My Nonprofit Reviews
Review for Americans For African Adoptions Inc, Indianapolis, IN, USA
I was drawn to AFAA because of the way in which it started. For one woman to see a need and work on solving it--That was pure brilliance in my opinion. I adopted my son from Ethiopia in 2005. The process was long and difficult and ever changing and frustrating, especially since I knew of him in 2003. But...My son was well cared for and loved during the time he was in AFAA's orphanage. He ate, learned skills, and had lots of playmates. The workers who cared for him daily, lived with him and created a loving environment for him. I believe that made all the difference in who he is today and aided strongly in his successful transition to America and blending into our family. While the adoption process itself was ever changing, bureaucratic, and maybe even not that forthright, the thing that make it tolerable, was that my son was safe, loved, and cared for. He bonded with the workers and had a family while there. The wonderful care he received helped build a foundation for him be a loving, attached, empathetic person. Not to mention the fact that he has always been able to fit in with a wide variety of children age wise and he has excellent immunity! My son's paperwork allegedly went to the court system 3 times, only to be "missing" something each time. Is that because the judge changed what they wanted, the AFAA social worker didn't have her act together, or for some other reason? No one will ever know.

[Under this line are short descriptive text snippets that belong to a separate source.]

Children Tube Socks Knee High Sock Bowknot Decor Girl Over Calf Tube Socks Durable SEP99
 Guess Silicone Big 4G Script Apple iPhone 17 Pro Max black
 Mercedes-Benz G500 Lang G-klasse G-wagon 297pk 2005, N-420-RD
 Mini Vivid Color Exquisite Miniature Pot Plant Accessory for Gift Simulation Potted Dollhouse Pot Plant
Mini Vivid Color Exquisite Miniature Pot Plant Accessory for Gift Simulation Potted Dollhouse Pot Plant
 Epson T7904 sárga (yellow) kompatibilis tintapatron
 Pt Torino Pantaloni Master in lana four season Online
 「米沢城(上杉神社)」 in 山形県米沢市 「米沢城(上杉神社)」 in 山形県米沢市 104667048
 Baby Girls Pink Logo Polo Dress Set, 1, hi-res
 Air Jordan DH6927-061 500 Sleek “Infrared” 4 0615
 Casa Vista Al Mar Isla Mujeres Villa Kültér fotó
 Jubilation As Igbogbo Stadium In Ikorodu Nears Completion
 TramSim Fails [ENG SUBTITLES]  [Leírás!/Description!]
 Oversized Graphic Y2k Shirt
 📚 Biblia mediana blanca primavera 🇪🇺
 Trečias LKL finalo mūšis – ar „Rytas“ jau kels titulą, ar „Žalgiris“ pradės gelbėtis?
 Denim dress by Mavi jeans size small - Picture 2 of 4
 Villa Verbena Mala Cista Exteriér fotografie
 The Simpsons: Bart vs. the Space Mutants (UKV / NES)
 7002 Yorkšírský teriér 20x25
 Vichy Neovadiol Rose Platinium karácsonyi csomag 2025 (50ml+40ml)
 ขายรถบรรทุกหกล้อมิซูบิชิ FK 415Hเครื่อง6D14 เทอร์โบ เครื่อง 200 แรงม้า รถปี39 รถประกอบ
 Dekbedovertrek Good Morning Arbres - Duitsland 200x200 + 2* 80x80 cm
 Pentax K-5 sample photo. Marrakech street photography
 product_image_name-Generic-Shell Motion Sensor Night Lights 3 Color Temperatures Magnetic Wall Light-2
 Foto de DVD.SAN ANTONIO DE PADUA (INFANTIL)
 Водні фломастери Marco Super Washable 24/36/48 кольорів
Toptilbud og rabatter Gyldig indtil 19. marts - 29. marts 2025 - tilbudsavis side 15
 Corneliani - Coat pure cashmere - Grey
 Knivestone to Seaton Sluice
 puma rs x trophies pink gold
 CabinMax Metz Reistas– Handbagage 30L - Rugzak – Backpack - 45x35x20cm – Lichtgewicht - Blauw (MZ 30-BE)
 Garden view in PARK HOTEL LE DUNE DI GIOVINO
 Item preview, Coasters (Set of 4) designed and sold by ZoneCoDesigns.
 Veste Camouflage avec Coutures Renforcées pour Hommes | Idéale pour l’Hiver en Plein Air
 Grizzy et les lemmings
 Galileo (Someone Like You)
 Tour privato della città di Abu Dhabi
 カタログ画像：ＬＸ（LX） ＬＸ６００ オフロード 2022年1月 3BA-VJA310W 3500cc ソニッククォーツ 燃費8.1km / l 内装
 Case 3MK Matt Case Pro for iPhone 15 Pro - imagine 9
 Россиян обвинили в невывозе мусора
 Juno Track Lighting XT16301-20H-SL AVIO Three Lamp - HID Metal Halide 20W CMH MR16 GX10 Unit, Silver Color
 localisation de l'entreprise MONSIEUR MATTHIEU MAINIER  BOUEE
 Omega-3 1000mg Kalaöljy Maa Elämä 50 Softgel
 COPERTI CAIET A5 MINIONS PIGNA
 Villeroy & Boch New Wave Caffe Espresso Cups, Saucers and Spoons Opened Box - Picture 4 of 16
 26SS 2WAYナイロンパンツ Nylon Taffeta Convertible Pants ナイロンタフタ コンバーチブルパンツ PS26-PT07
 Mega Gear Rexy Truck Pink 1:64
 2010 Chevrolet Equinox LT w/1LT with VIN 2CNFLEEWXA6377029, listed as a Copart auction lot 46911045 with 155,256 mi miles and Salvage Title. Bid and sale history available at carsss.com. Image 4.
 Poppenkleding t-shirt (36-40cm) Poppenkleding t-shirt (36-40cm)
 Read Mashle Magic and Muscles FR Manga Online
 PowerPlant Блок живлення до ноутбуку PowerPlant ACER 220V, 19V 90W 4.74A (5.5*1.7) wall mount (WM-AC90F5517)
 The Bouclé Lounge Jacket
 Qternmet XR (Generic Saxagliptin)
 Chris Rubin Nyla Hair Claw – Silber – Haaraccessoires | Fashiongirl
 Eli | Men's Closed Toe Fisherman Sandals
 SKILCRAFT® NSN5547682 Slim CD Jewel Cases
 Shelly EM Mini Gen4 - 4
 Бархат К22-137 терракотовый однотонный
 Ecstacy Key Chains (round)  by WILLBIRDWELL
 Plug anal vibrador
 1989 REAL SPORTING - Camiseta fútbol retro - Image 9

What I do know is I have my son and I couldn't be happier with that outcome! Thank you AFAA for bringing my boy home!
If I had to make changes to this organization, I would...
Hope for Cheryl to understand that to people using AFAA to get their forever families, they do not feel comfortable with trusting such an important life changing event to an agency that on one hand, comes off very capable, knowledgeable, and organized, but on the other hand handles some things more like a "mom and pop" fly by night place. I think that the mixed impressions does a huge disservice to the agency, but most importantly, the children.